---------- Stored data ----------

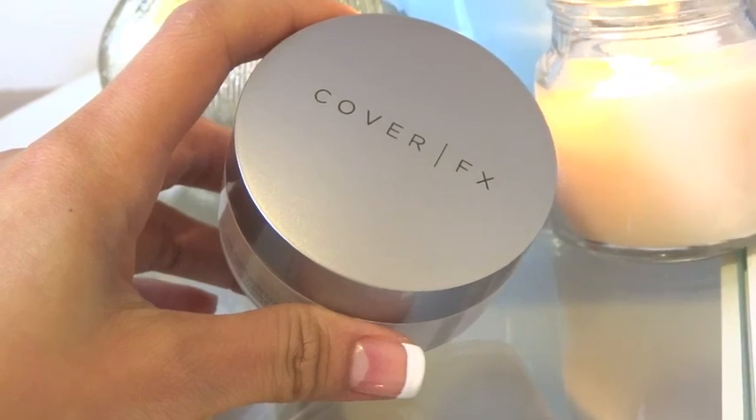Once I'm satisfied that I've more or less covered all of my blemishes, I'm going to set it with a setting powder. The one I'm using at the moment is Cover FX setting powder in the shade light. Literally all I do is get a big fluffy brush, pick up the setting powder, and then roll it on top of the areas I've just concealed — just gently going over it so you don't take off all the concealing you've just done.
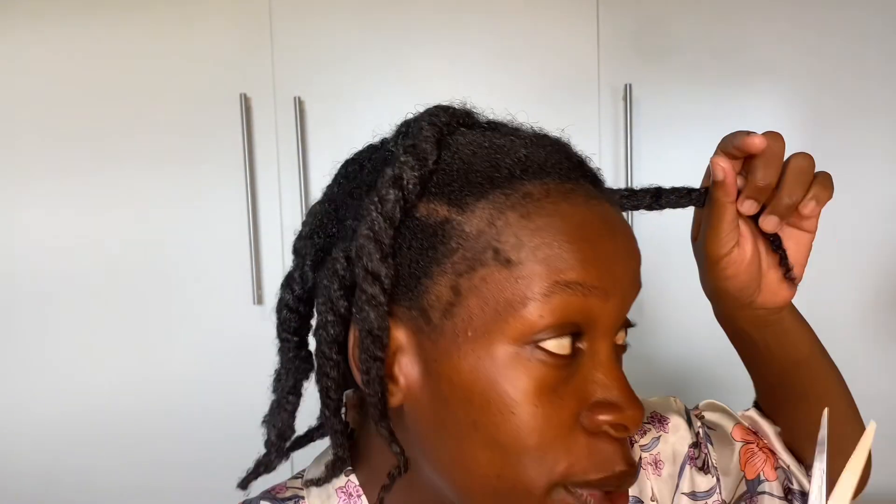Trimming your hair also helps with length retention. This is also why your hair breaks — because you don't cut your split ends.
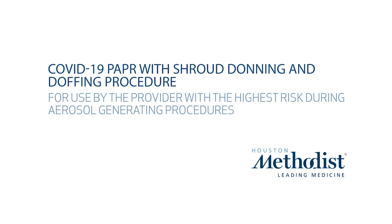COVID-19 PAPR PPE Donning and Doffing Procedure. For use by the provider with the highest risk during aerosol generating procedures.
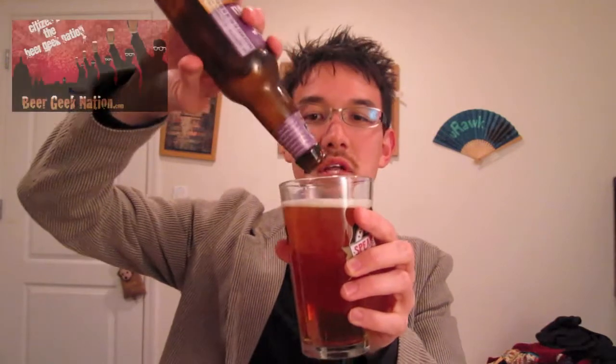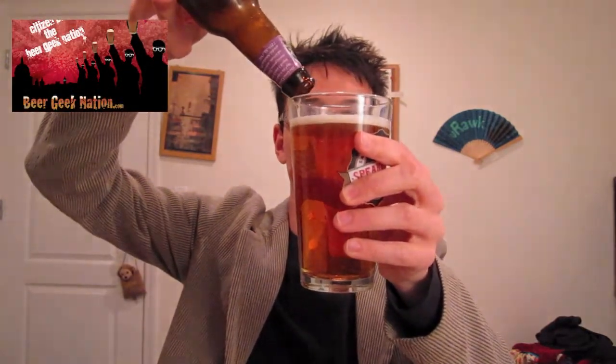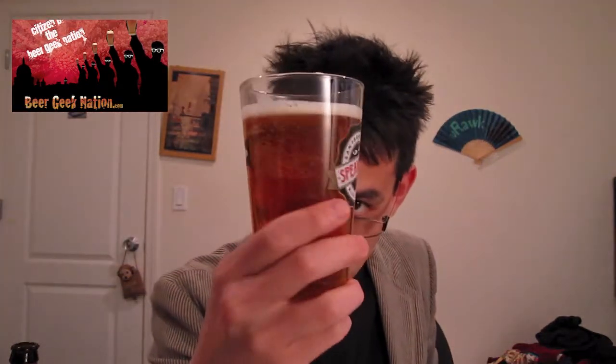I don't think it has sediment. It's just a pretty clear colored beer with a fair amount of carbonation clinging to the glass. It's got a very nice clear color — it's orange, like a good orange color. Not much head, but I tilted it as I usually like to.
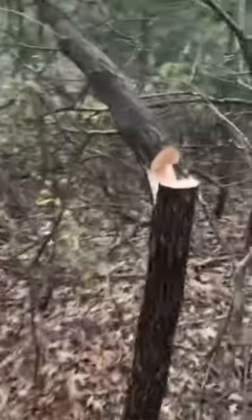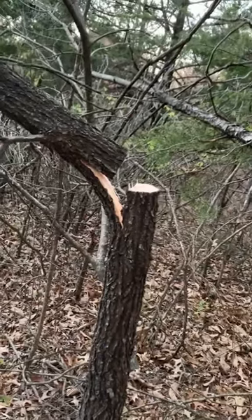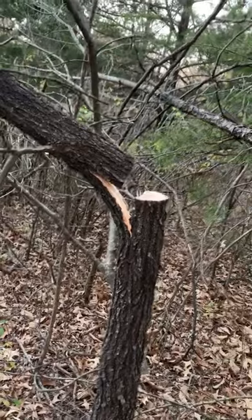Another hinge cut right there on an oak. This one here is about perfect. You cut through and you leave 30 percent or so and you just push the tree over.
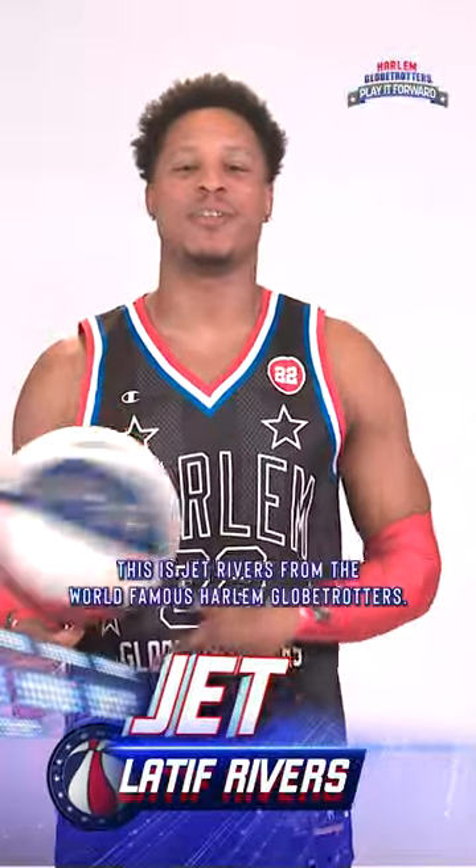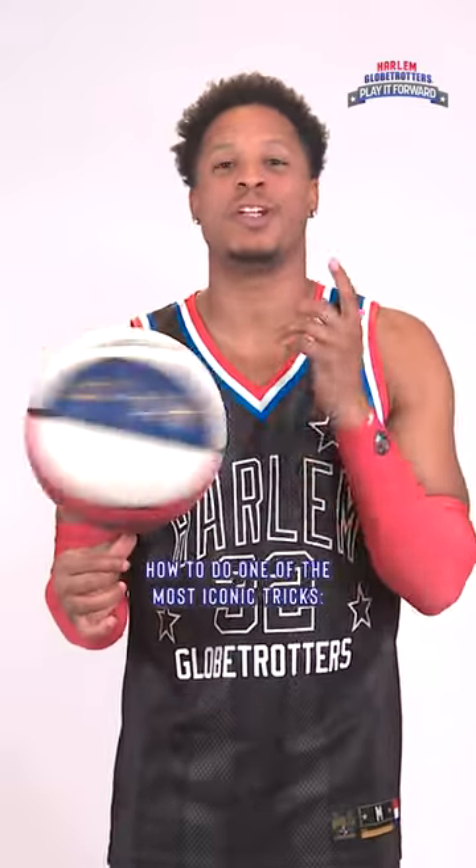What's up everybody? This is Jet Rivers from the world-famous Harlem Globetrotters, and I'm gonna show you how to do one of the most iconic tricks: the ball spin.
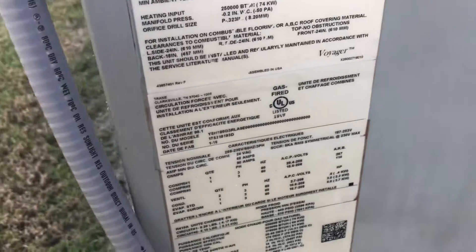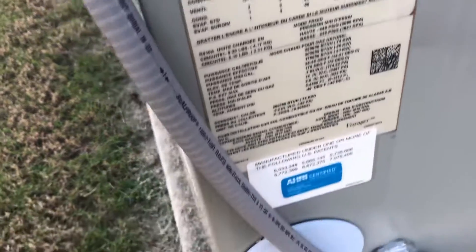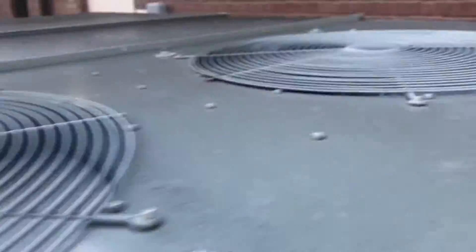Look at those noises. I can't find what that is. That's noisy — probably from these other ones as well.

----------

*What is needed*. Every record must be set down again exactly; pictures do not belong in the copy.

*Exercise solution*.
Once I'm satisfied that I've more or less covered all of my blemishes, I'm going to set it with a setting powder. The one I'm using at the moment is Cover FX setting powder in the shade light. Literally all I do is get a big fluffy brush, pick up the setting powder, and then roll it on top of the areas I've just concealed — just gently going over it so you don't take off all the concealing you've just done.
Trimming your hair also helps with length retention. This is also why your hair breaks — because you don't cut your split ends.
COVID-19 PAPR PPE Donning and Doffing Procedure. For use by the provider with the highest risk during aerosol generating procedures.
I don't think it has sediment. It's just a pretty clear colored beer with a fair amount of carbonation clinging to the glass. It's got a very nice clear color — it's orange, like a good orange color. Not much head, but I tilted it as I usually like to.
Another hinge cut right there on an oak. This one here is about perfect. You cut through and you leave 30 percent or so and you just push the tree over.
What's up everybody? This is Jet Rivers from the world-famous Harlem Globetrotters, and I'm gonna show you how to do one of the most iconic tricks: the ball spin.
Look at those noises. I can't find what that is. That's noisy — probably from these other ones as well.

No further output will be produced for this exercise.